Quei mollaccioni dei barbari
come cambia la concezione di un termine
La parola barbaro, dal greco βάρβαρος, ha origine dalla primitiva lingua indo-europea e il significato di “colui che pronuncia suoni inarticolati” nonché una forte valenza onomatopeica.
Originariamente inteso e riferito solo alla diversità linguistica che intercorreva tra popolazioni elleniche (parlanti il greco) e non elleniche, l’appellativo assunse ben presto valenza politica e morale tanto da caratterizzarsi come dispregiativo.
Le guerre Persiane in particolare contribuirono decisamente alla presa di coscienza, da parte greca, della propria diversità culturale (ancor più che etnica), rispetto ai “barbari” e quindi alla formazione di un senso di identità di carattere oppositivo, basato sull’ideale dell’essere liberi come uomini e cittadini della polis.
Il passo dal significato originario di “parlante un altro linguaggio” a quello più generico di “straniero\forestiero” fu breve. Alla luce dello scontro, anche a causa del trovarsi in difficoltà e in crisi a causa della guerra, il termine, già negativo, andò quindi ad assumere un senso dispregiativo.
Incapacità di dominare gli impulsi e ragionare logicamente o di frenare le proprie pulsioni erano solo alcune delle caratteristiche che venivano attribuite agli uomini di altre etnie, spesso descritti come somiglianti alle belve. Alcuni popoli, primi i Persiani, venivano chiamati “effeminati”, poiché avevano l’usanza di portare gioielli e cospargersi di profumi. Inclini a abbandonarsi ai lussi e a farsi comandare altre popolazioni orientali erano caratterizzate dal loro animo “molle”.
Questi attributi, ampiamente descritti in opere letterarie e storiche, vengono anche portati sulla scena del teatro greco e rappresentati figurativamente: sono noti alcuni vasi dipinti che rappresentano scene di lotta tre greci e persiani o di vita quotidiana in alcune popolazioni straniere. Decorati e vestiti di ornamenti e abiti esotici, gli stranieri vengono rappresentati con la pelle bianca, colore che nelle ceramiche raffiguranti protagonisti greci era usato per i volti delle donne.

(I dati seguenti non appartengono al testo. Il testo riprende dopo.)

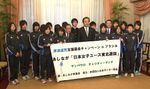 Photograph of the Prime Minister receiving a courtesy call from a high school student orphaned by the tsunami and the Japan Women's Tohoku Youth Football Team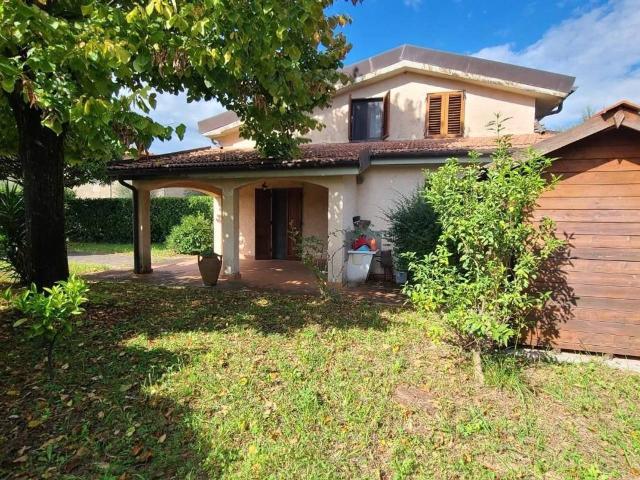 Villa bifamiliare in vendita a Pietrasanta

Queste peculiarità e la “predisposizione” all’essere comandati venivano però attribuiti a fattori climatici: indipendenti dalla volontà del singolo, erano favorite da un clima caldo e ostile che induceva tutti all’ozio, all’ignavia. I pochi che conservavano forza e capacità di azione, nonostante gli usi e costumi distanti e a tratti riprovevoli, riuscivano facilmente a imporsi sugli altri come monarchi o tiranni.
Questa rappresentazione era inoltre necessaria per esorcizzare i timori e configurare la civiltà greca essenzialmente come civiltà della polis: l’identità greca si fonda sull’essere cittadino, polites libero di fronte allo stato, laddove il barbaro ne è schiavo in un rapporto di sottomissione, non di partecipazione e integrazione.
È dunque a causa dei conflitti se le città si chiudono verso l’esterno: nei confronti del barbaro ma anche dello xenos, lo straniero di stirpe greca.
Il tramonto della polis a riproporrà le condizioni per l’apertura e l’incontro con realtà differenti: nel periodo ellenistico lo stato di omologazione, determinato dal comune stato di sudditanza rispetto al sovrano, promuoverà l’integrazione tra uomini di origine diversa.
Saranno poi i Romani a riprendere il termine in senso dispregiativo, ispirandosi all’ideologia della Grecia arcaica (mondo al quale si sentivano affini, disprezzando invece il contemporaneo ellenismo) per poi applicarlo ai propri avversari. Ed è così che il termine arriva fino alla modernità, per cui evoca uomini nerboruti dagli elmi cornuti piuttosto che raffinati e persiani “molli”.